# Replacement brake pads/holders for 11 speed (black)?



## thedog (Nov 6, 2005)

Any insight as to whether Kool Stop or any other manufacturers have available replacement brake pads (with holders) which work with 11 speed calipers? It appears from the Kool Stop website that what is available for Campy (2000 and later) is only for 10 speed groupsets? I would prefer any black version if available.


----------



## kbwh (May 28, 2010)

It does not matter how many speeds the groupset has.  
Campagnolo ran the same pad/shoe (holder) design from 2000 to 2010. As far as I can see the calipers were not changed from 2010 to 2011, only the pads and shoes.
I suggest you go with the Kool Stops as an interim solution until they (and/or others, like Swiss Stop) have produces pads that fit the new Campagnolo shoe design.


----------



## rhauft (Aug 8, 2006)

*Trp*

I went with TRP holders with Swissstop yellows, works great


----------



## LePatron (Jan 5, 2011)

rhauft said:


> I went with TRP holders with Swissstop yellows, works great


I would not recommend these as they are specified for shimano.
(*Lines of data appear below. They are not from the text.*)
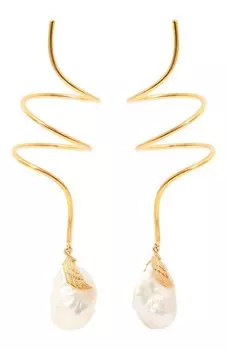 Серьги Drowning To Embrace Caviar jewellery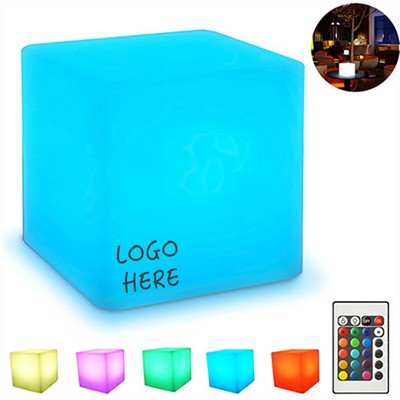 Rechargeable LED Light Cube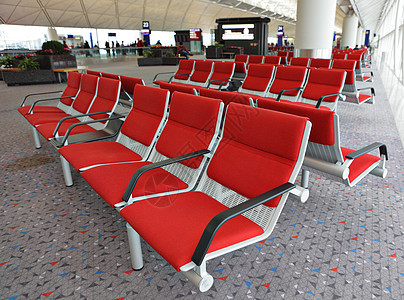 空席位的行建筑旅行金属反射寂寞车站大理石孤独状物椅子图片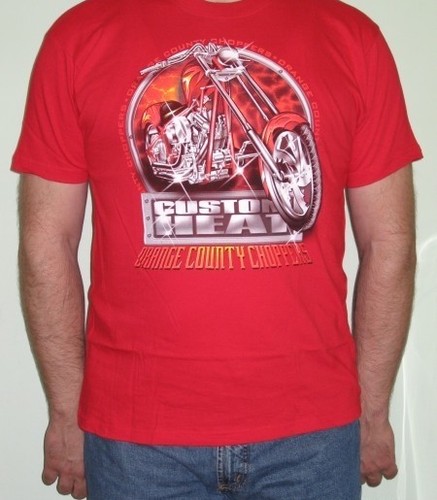 Orange county choppers shirt - orange, t-shirt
Your best bet short of going OEM Campy are Jagwire Elite Pro Skeleton that you can get for about $17 a pair.


----------



## rhauft (Aug 8, 2006)

LePatron said:


> I would not recommend these as they are specified for shimano. Your best bet short of going OEM Campy are Jagwire Elite Pro Skeleton that you can get for about $17 a pair.


If your only concern is that they are "specified for Shimano", that is a non issue. They fit perfectly on my 2011 SR11 dual pivot & single pivot brakes. I have even installed campy style pads on them without issue. They are pricey which is my only beef. I paid $40 for two pads, assuming by the price I was paying for 4. I assumed incorectly. $40 buys you 2 pad holders, pads & hardware. Weight is identical to the new OEM campy holders.


----------